The son of Sudinna Kalandakaputta by the wife of his lay days. He was conceived after Sudinna had already been ordained. His wife came to him during her period and begged him to give her an offspring (bījaka). As the rule against unchastity had not then been promulgated, Sudinna yielded to her importunities, thus becoming guilty of the first Pārājikā. The son was called Bījaka, and so Sudinna came to be called Bījakapitā and the mother Bījakamātā. Both Bījaka and his mother later left the world and became arahants. Vin.iii.17 19; Sp.i.215f.

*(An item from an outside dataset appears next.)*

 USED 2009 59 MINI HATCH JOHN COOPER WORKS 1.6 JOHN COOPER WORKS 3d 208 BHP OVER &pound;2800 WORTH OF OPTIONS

A slave of Videha, present when the ascetic Guna expounded his doctrine to King Angati, and it was approved by Alāta. Bījaka also agreed that Guna's teaching accorded with his own experience. He remembered his previous life, when he had been born as Bhāvasetthi of Sāketa and had done many acts of virtue and piety. But at present he was the son of a poor prostitute leading a wretched life. Even so, he always gave half his food to any who might desire it, kept the fast, and led, in every way, a virtuous life. But virtue, he said, was useless; it bore no fruit. So saying, he wept. When Rujā (q.v.) heard this, she said that Bījaka's sufferings were due to evil actions done in the past in earlier lives (J.vi.227, 228, 229, 233, 235).
The scholiast explains (J.vi.228) that in the time of Kassapa Buddha, while Bījaka was seeking a lost ox, a monk enquired of him the way which he had lost. Bījaka was angry and abused the monk, calling him a slave. His birth as Bhāvasetthi was due to some earlier good done by him, but in this birth he became a slave.
Bījaka is identified with Moggallāna (J.vi.225).